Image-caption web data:
'''

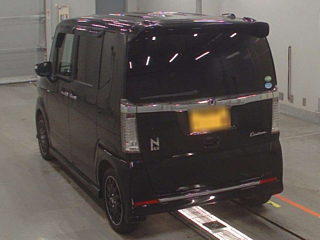 HONDA N BOX 2017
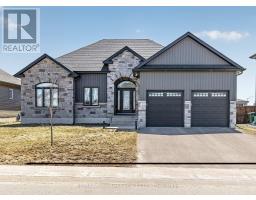 6 NILE STREET, Petawawa, Ontario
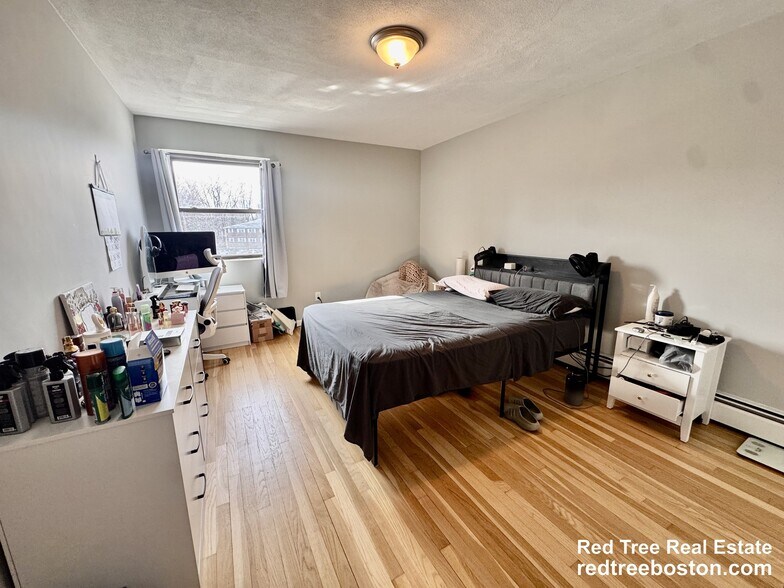 Building Photo - 97 Spring St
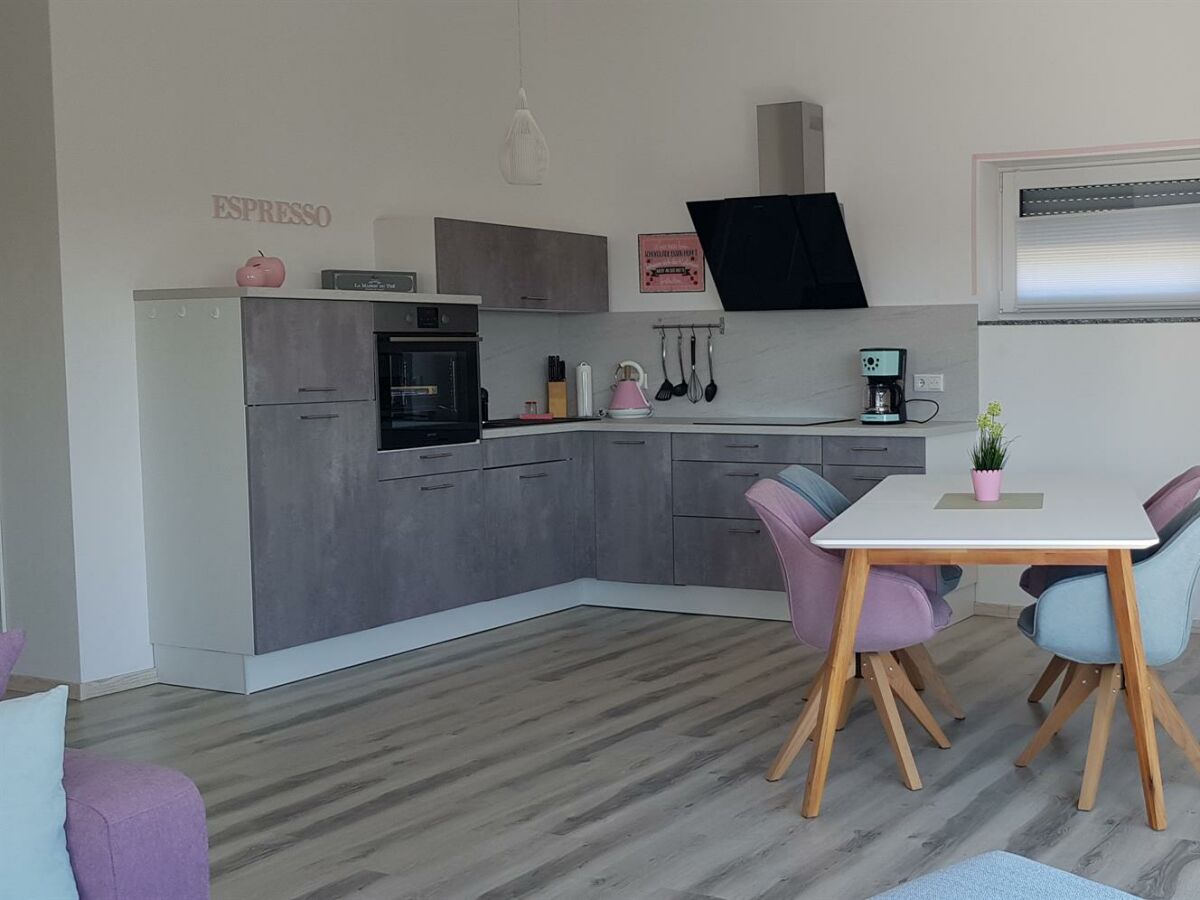 Apartment Appartement/Fewo, Dusche, WC, neuwertig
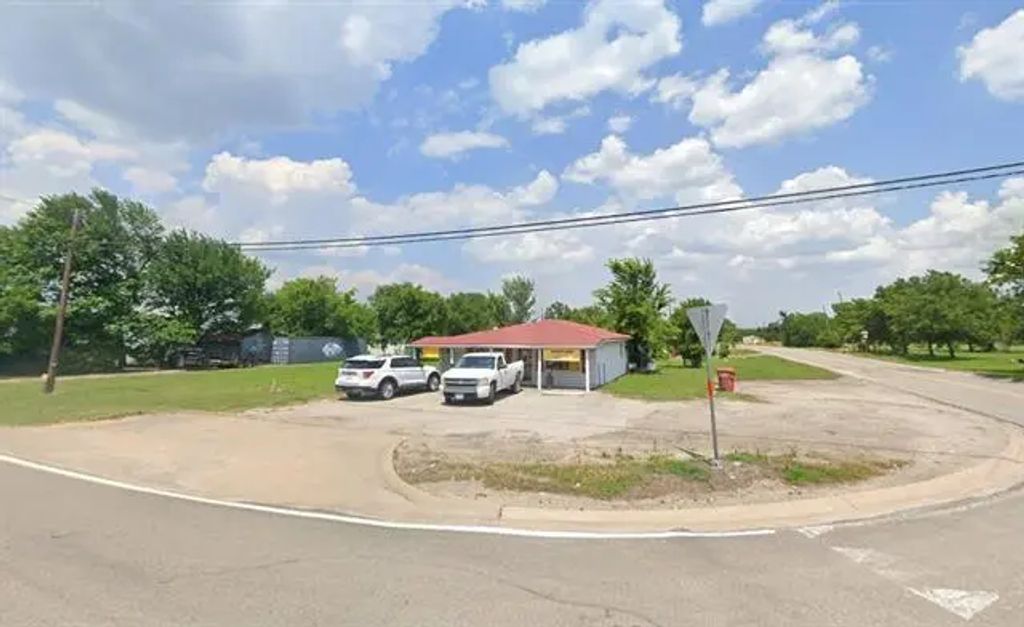 71 N Us Highway 69, Celeste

'''

What must be output is the exact run of lines from the one holding "6 NILE STREET, Petawawa, Ontario" through the end of the entries above, both ends included, minus the pictures.

▶ Solution to this task:
 6 NILE STREET, Petawawa, Ontario
 Building Photo - 97 Spring St
 Apartment Appartement/Fewo, Dusche, WC, neuwertig
 71 N Us Highway 69, Celeste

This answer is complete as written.